_Task prompt_. Pictures stay out of the copy; output exactly the lines from the one containing "Zeagoo 3/4 Length" through the end of the material.

_Records for processing_.
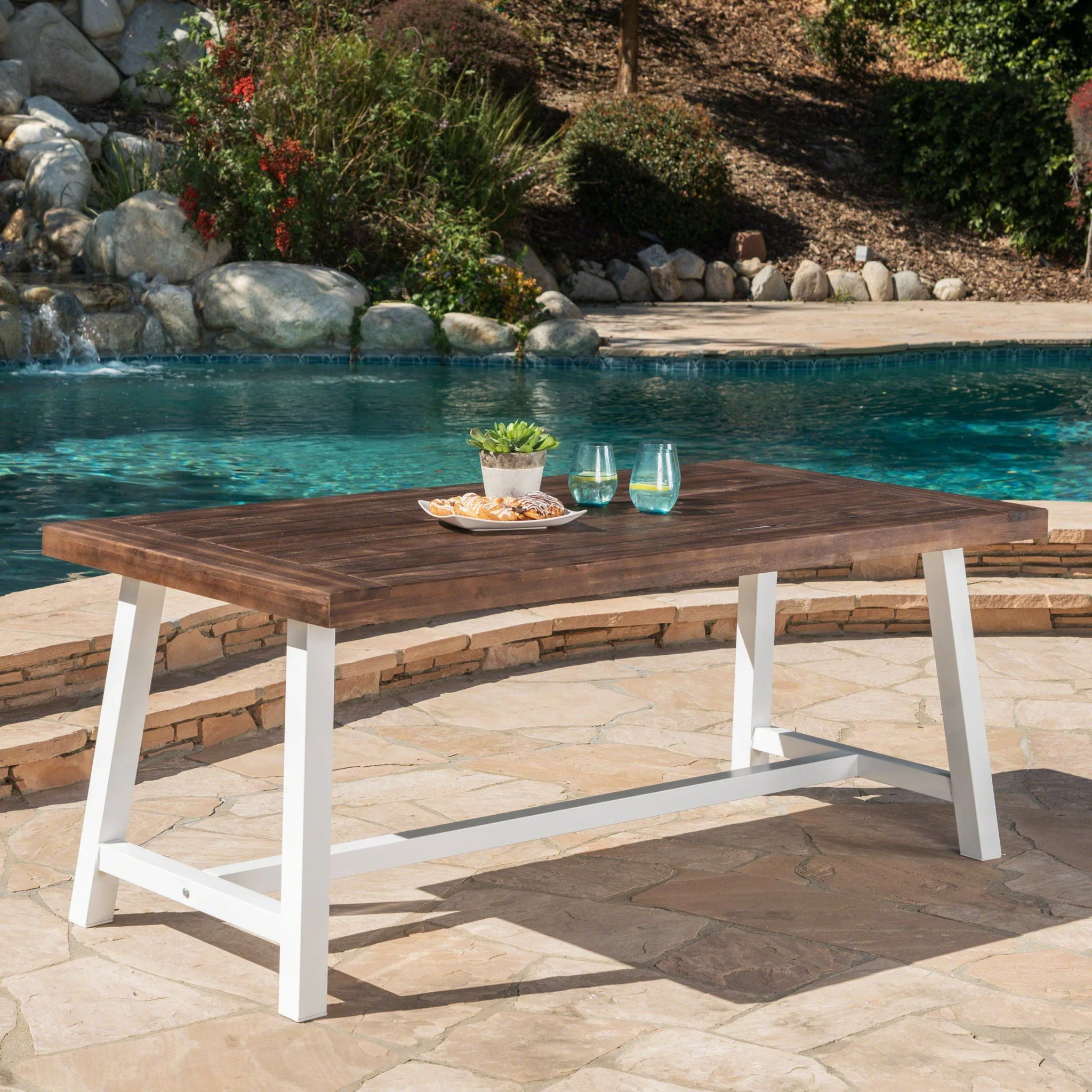 Outdoor Sandblast Finish Acacia Wood Dining Table - Image 7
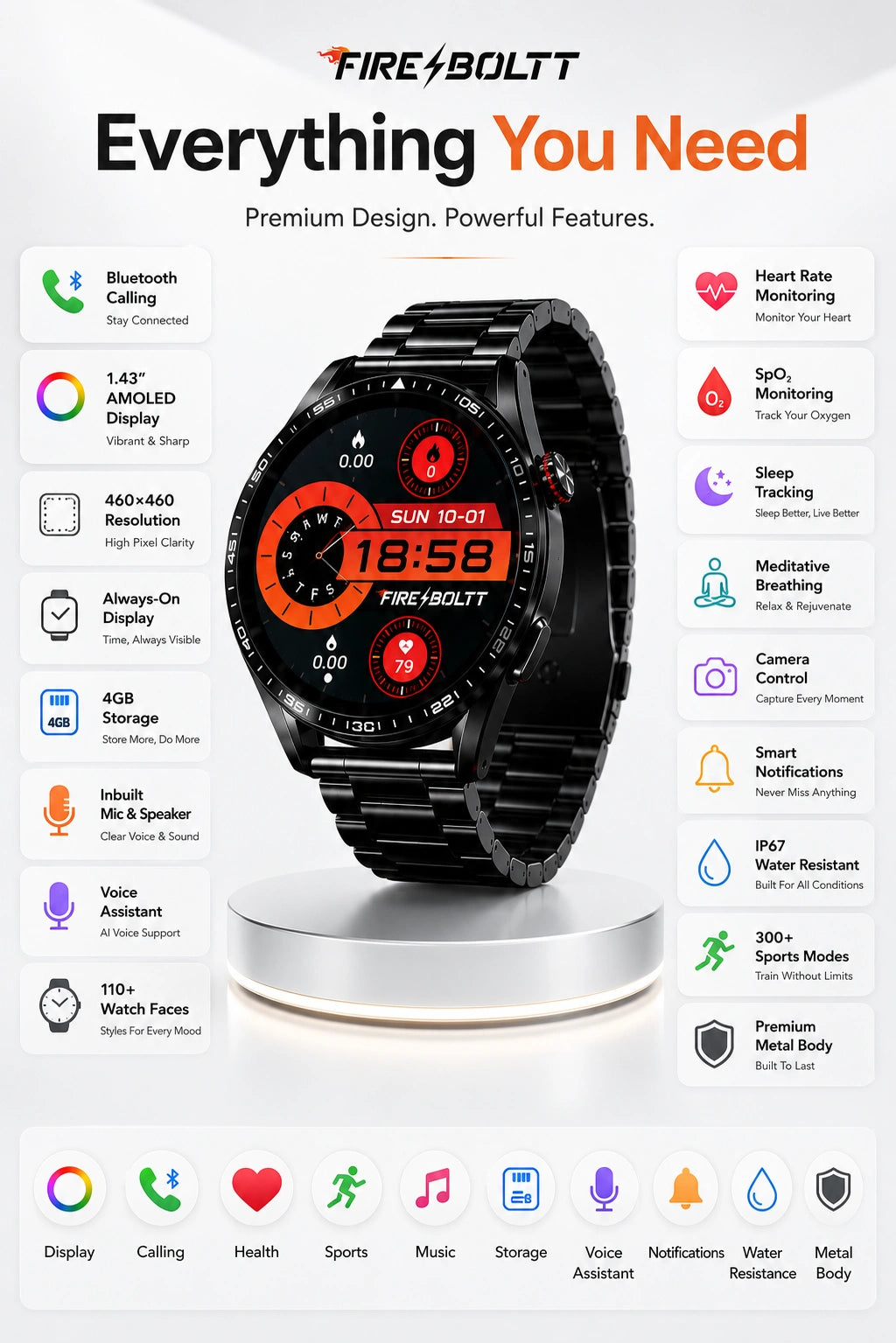 Fire-Boltt Invincible Plus 1.43" AMOLED Bluetooth Calling Smartwatch with 4GB Storage | Black Metal Strap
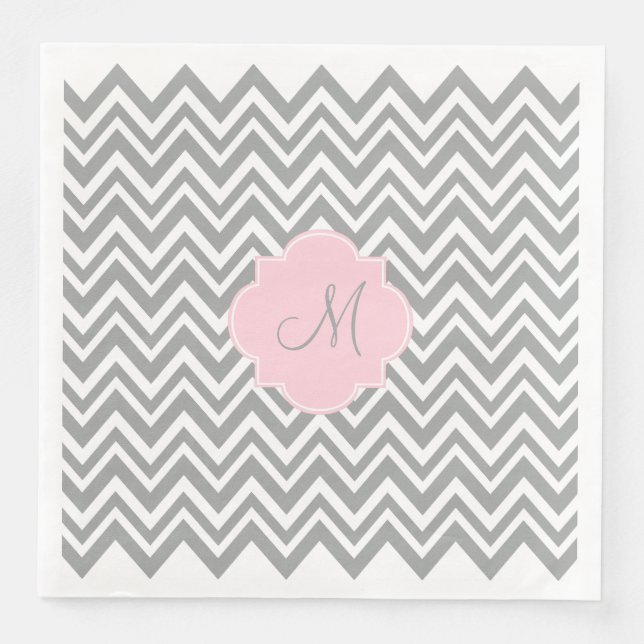 Monogram Grey and White Chevron with Pastel Pink Napkin (Front)
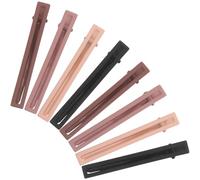 GOOHOCHY 8pcs Brown Duckbilled Hair Clips Set Hollow Metal Hair Barrettes for Candy Color Bobby Pins Stylish for Women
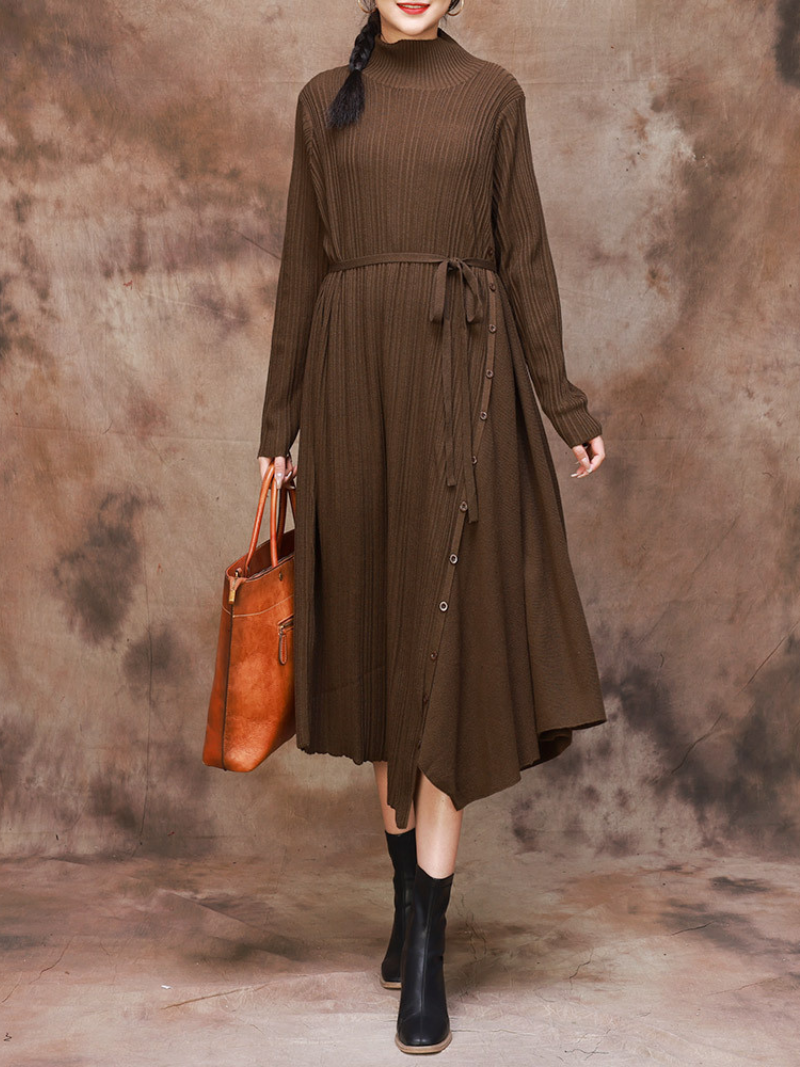 Solid Color Collar A-Line Dress with Thin Belt for Women - Fashionpara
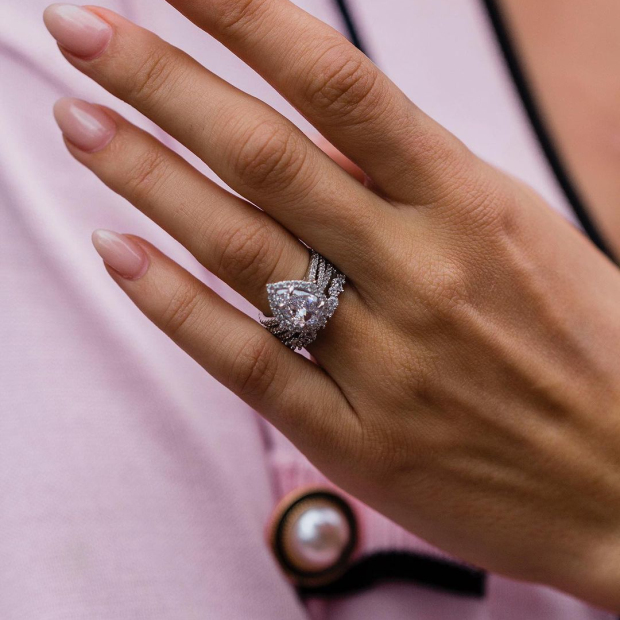 Pear Cut Diamond White Halo 3-Piece 925 Sterling Silver Ring Set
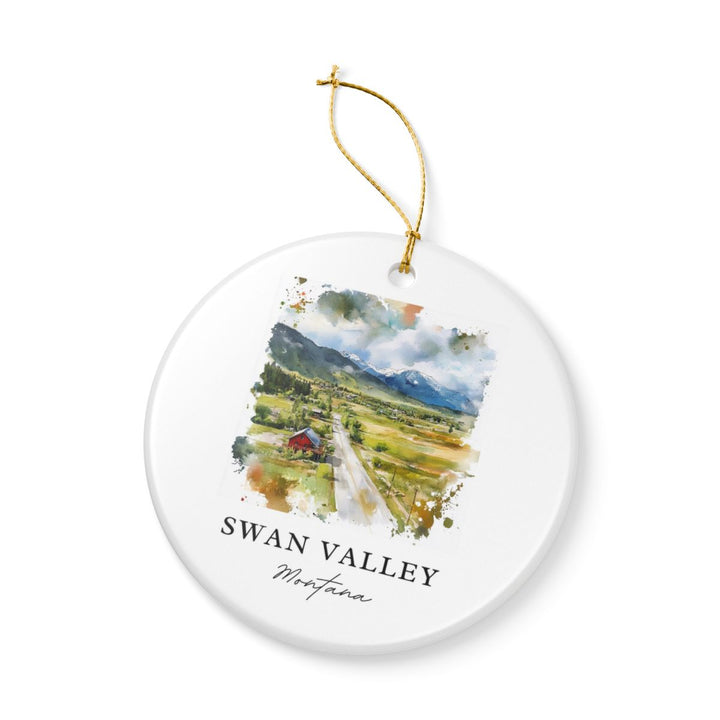 Swan Valley Montana USA Ornament: Unique Swan Valley Souvenir, Swan Valley Montana Xmas Decor, and Authentic Swan Valley Gift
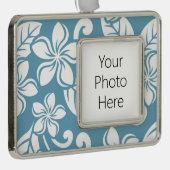 PLUMERIA (SLATE BLAUE) Rahmen-Ornament SILBER (Rechts)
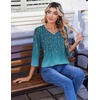 Zeagoo 3/4 Length Sleeve Womens Tops V Neck Pleated Boho Floral Blouses(Leaf Green)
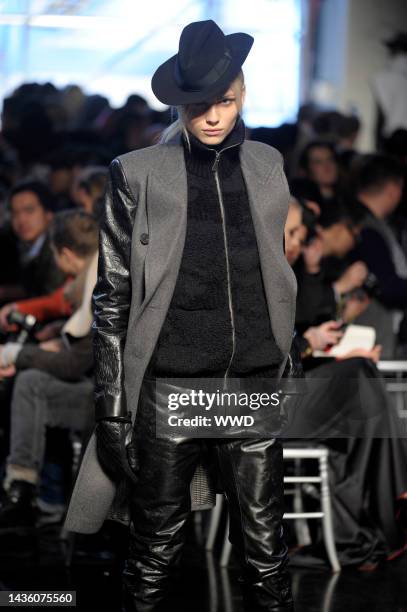 Model Andrej Pejic on the runway at Jean Paul Gaultier's fall 2012 menswear show at 325 rue Saint-Martin.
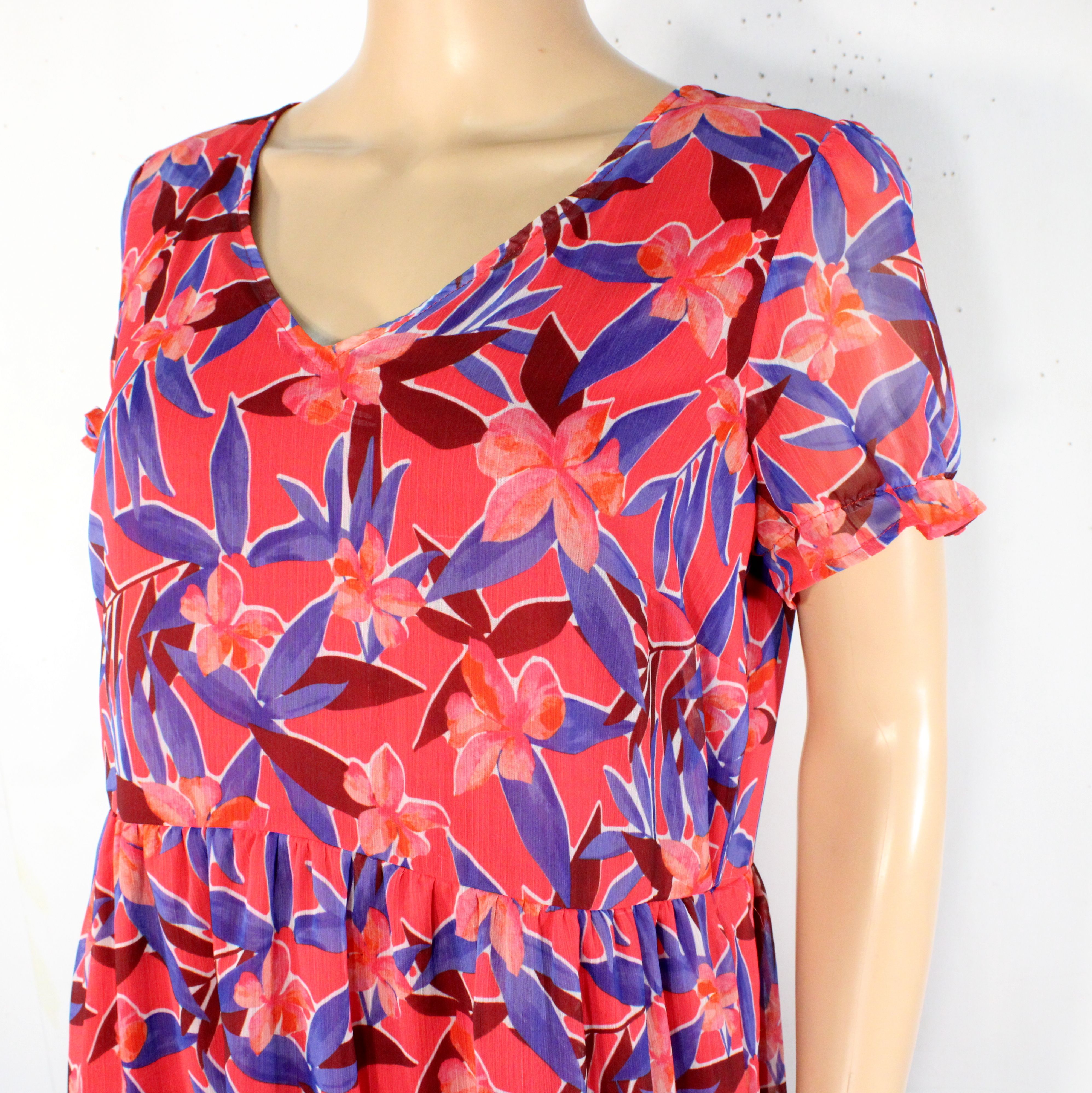 Robe Rose & Bordeaux Fleurie GRAIN DE MALICE Taille 40 - Photo 4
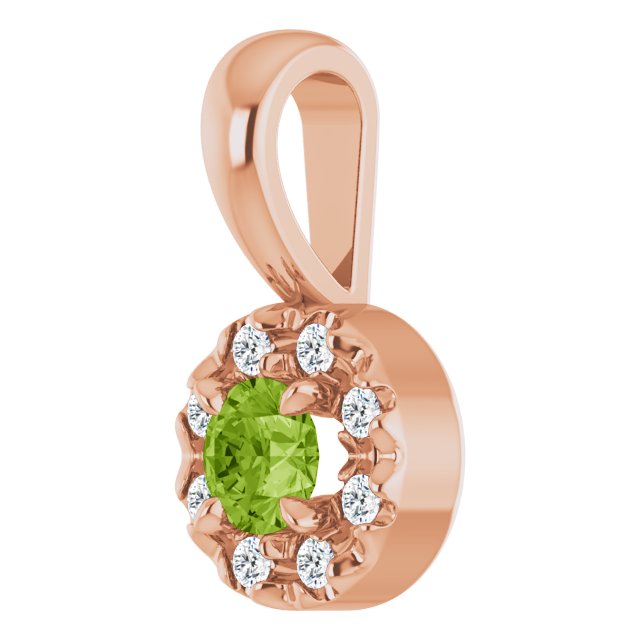 14K Rose 3 mm Natural Peridot & .03 CTW Natural Diamond Halo-Style Pendant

_Solution to the exercise_.
 Zeagoo 3/4 Length Sleeve Womens Tops V Neck Pleated Boho Floral Blouses(Leaf Green)
 Model Andrej Pejic on the runway at Jean Paul Gaultier's fall 2012 menswear show at 325 rue Saint-Martin.
 Robe Rose & Bordeaux Fleurie GRAIN DE MALICE Taille 40 - Photo 4
 14K Rose 3 mm Natural Peridot & .03 CTW Natural Diamond Halo-Style Pendant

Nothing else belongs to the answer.